電通社員・高橋まつりさんが長時間労働や上司の心ないパワハラによって自殺したことで、企業側が社員の適正な労働時間を守り「働き方改革」をするよう政府や厚労省が提唱し始めた。

 しかし、三菱電機でもパワハラと常態化した長時間労働の実態が明らかになった。

 『週刊現代』(2/4号、以下『現代』)によると、13年4月、三菱電機に入社したA氏(31)は、上司から「言われたことしかできないのか。じゃあ、お前は俺が死ねと言ったら死ぬのか」と罵倒された。月の残業時間が160時間にもなるのに、会社へは59時間と過少申告せざるを得なかった。そうしたことが重なり、A氏は適応障害を発症して労災休業が認められたにもかかわらず、三菱電機は彼を解雇した。

 A氏の訴えを受けて藤沢労働基準監督署はA氏を労災認定し、三菱電機と当時の上司を横浜地検に書類送検したのだ。

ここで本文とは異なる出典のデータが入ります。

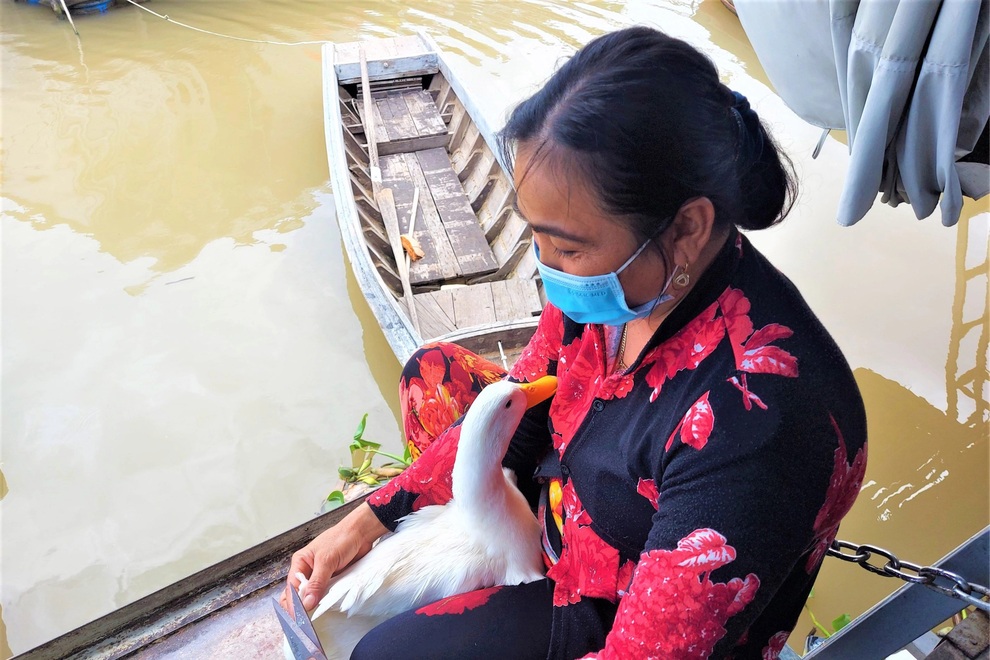 Chú vịt thông minh chỉ ăn thức ăn người nhà cho, không ăn của người lạ - 2 Chú vịt thông minh chỉ ăn thức ăn người nhà cho, không ăn của người lạ - 2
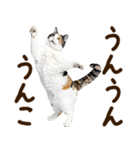 うんこ★リアルな猫（個別スタンプ：3）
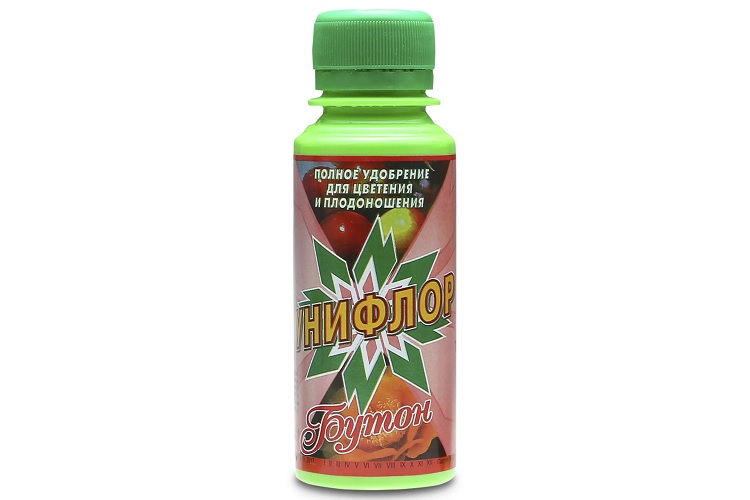 Унифлор Бутон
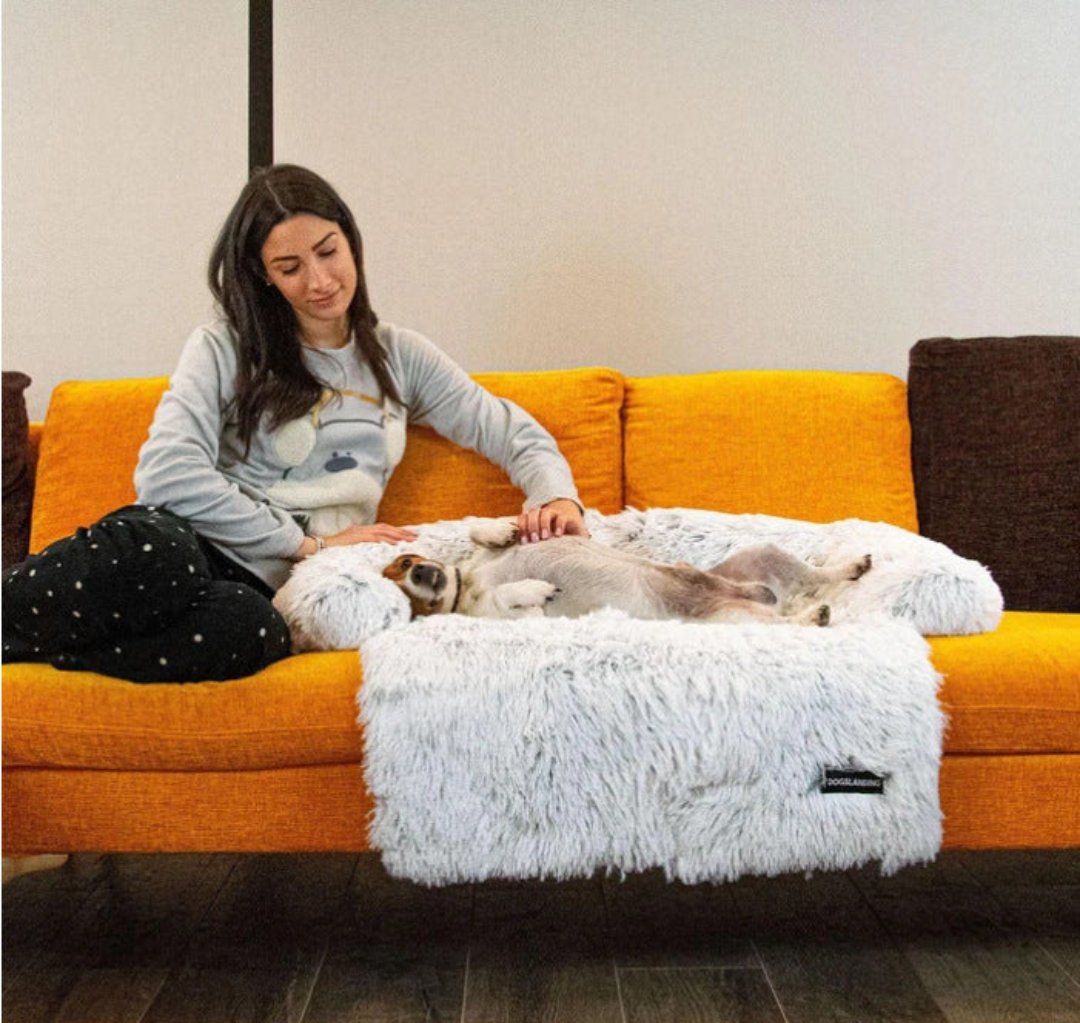 Luxury Dog Sofa Bed - PawLounge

 こうした流れの中で長時間労働は減ってきているのか。『現代』は有名企業50社を調査して実態を実名とともに公開した。

 やはり三菱電機は月の残業時間が160時間と最も多く、新日鐵住金長谷工コーポレーションが150時間、野村不動産が120時間(いずれも最大)。

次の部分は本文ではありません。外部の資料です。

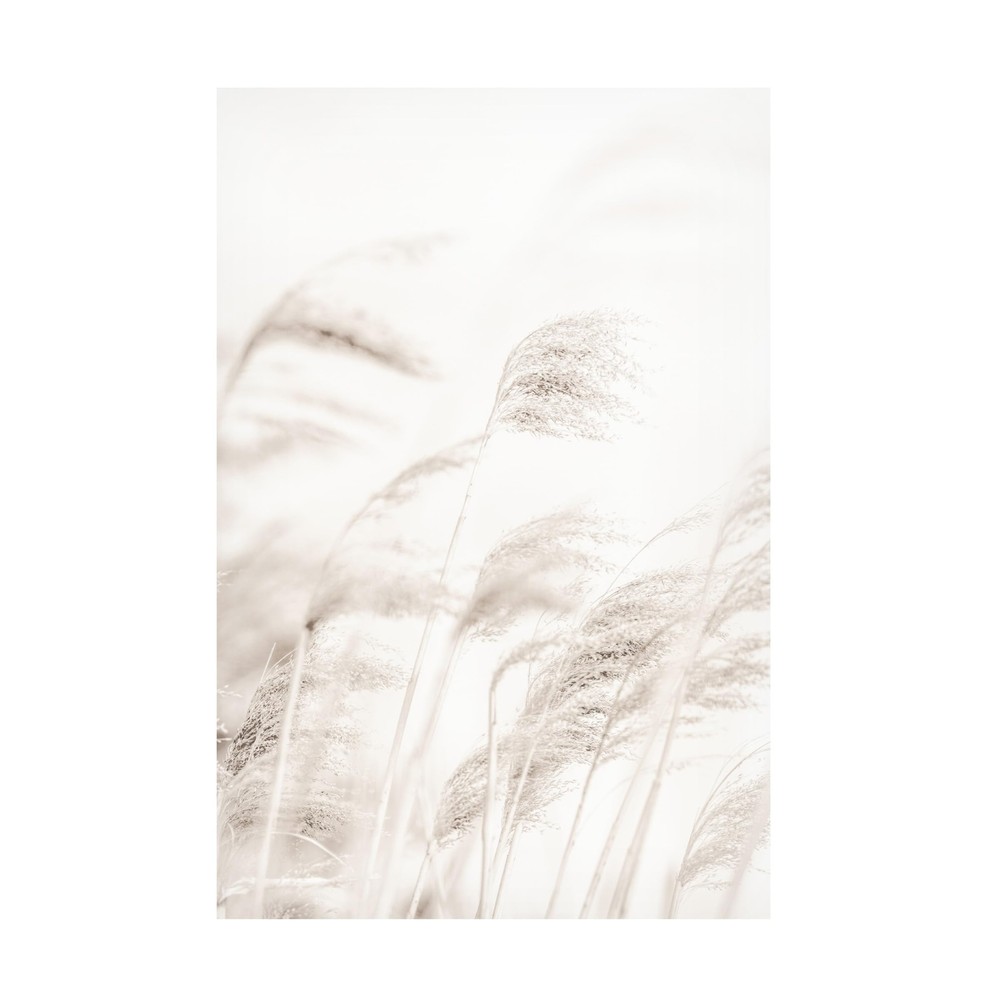 Canvas Wall Art - Pictufy Studio 'Reed' Wall Art for Living Room, Bedroom, or...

 外食産業大手のすかいらーくグループの社員は「うちに限らず、外食産業はブラックそのものですよ。社員が長時間労働になるのは、単純にバイトの人手不足からです」と言う。

 彼は朝10時に来て帰るのは深夜0時過ぎだから、月に残業は120時間になる。だが、それがまるまる残業代として給与に反映するわけではない。

 損保業界は営業職にも「裁量労働制」が採用されている。損保ジャパン日本興亜の20代の営業マンは、「私の『みなし労働時間』は9時間なのですが、実際には12時間働いています。成果主義の賃金体系なので、高い目標を設定させられますが、それを達成しようとすると、とてもではないが9時間では収まらない。ところが、賃金は9時間分で固定されているため、得をしているのは会社だけ」だと話す。

 東京海上日動の30代社員も「国が働き方を決めるのなら、現実の労働時間と『みなし労働時間』の大きなズレもきちんと調査してほしい」と言っている。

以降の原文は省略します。